SUPPLIED DATA:
*** Block opens ***

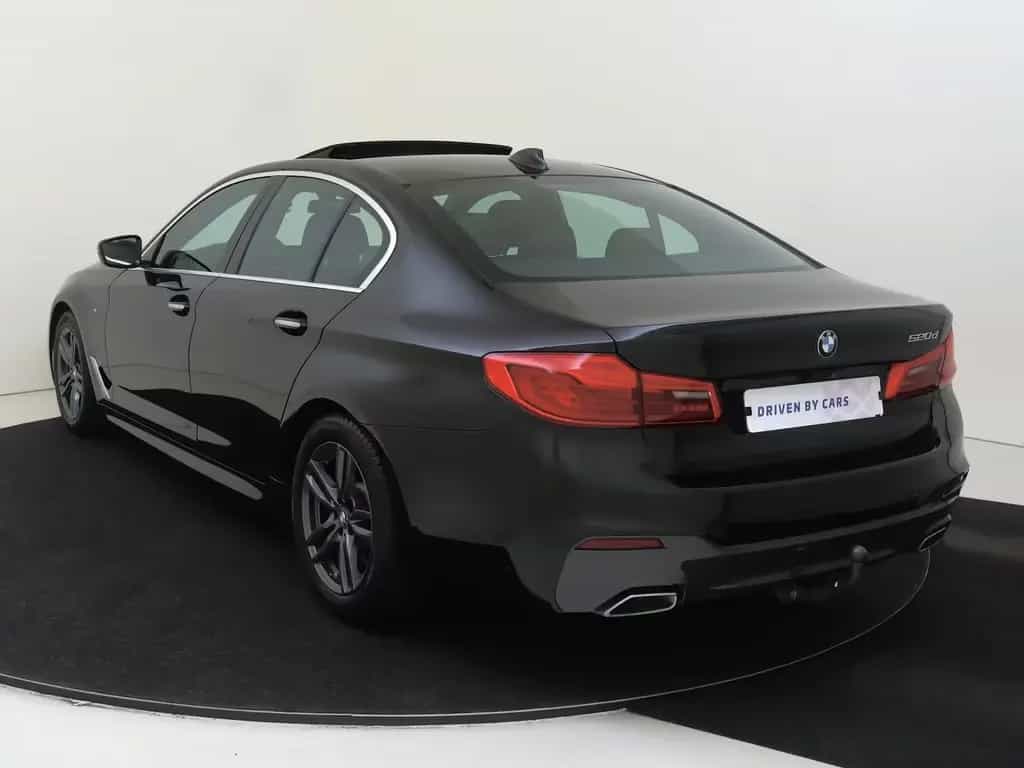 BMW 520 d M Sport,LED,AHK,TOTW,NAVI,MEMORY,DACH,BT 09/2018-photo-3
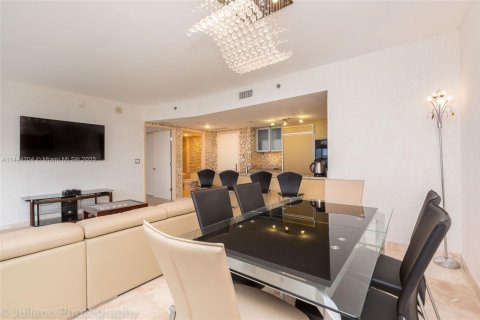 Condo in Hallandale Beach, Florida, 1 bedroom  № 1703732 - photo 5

*** Block closes ***
*** Block opens ***

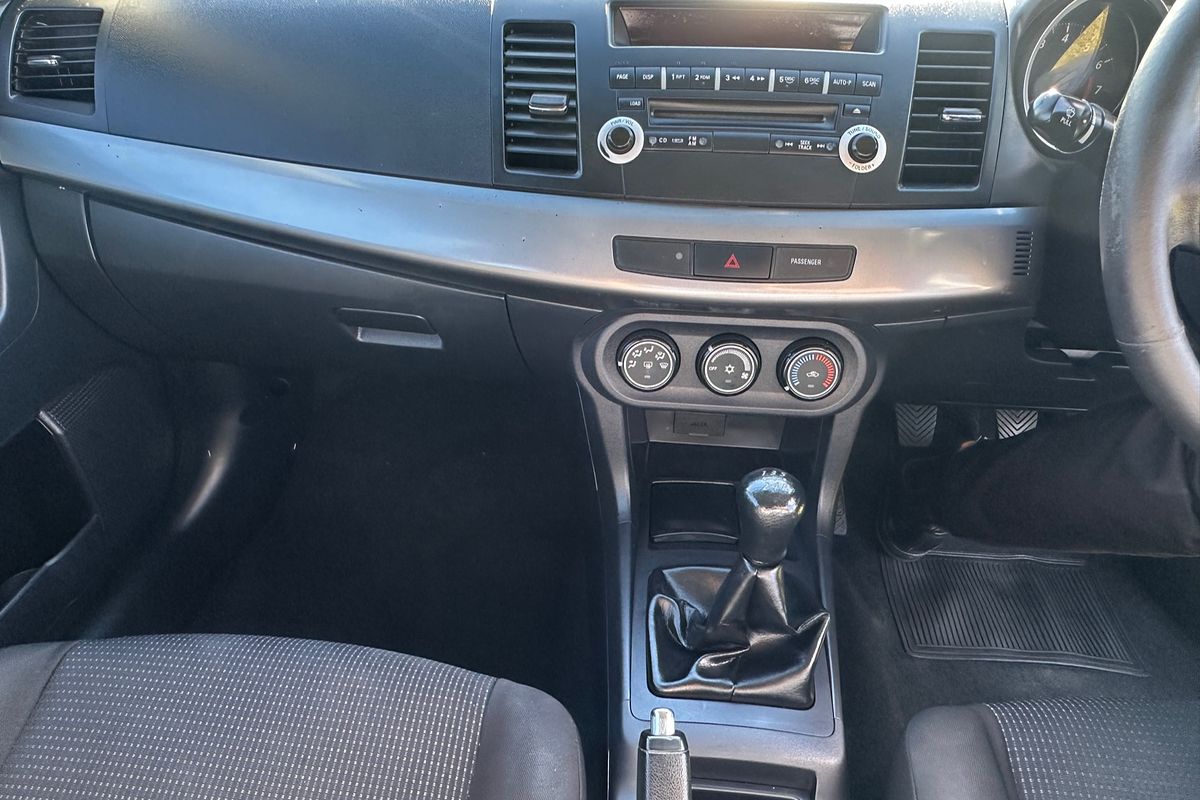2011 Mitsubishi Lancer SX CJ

*** Block closes ***

ASSIGNMENT: Exactly the lines starting at the one above with "BMW 520 d M" and ending at the one with "Condo in Hallandale" should be printed, and nothing else. Omit the pictures.

YOUR RESPONSE:
 BMW 520 d M Sport,LED,AHK,TOTW,NAVI,MEMORY,DACH,BT 09/2018-photo-3
 Condo in Hallandale Beach, Florida, 1 bedroom  № 1703732 - photo 5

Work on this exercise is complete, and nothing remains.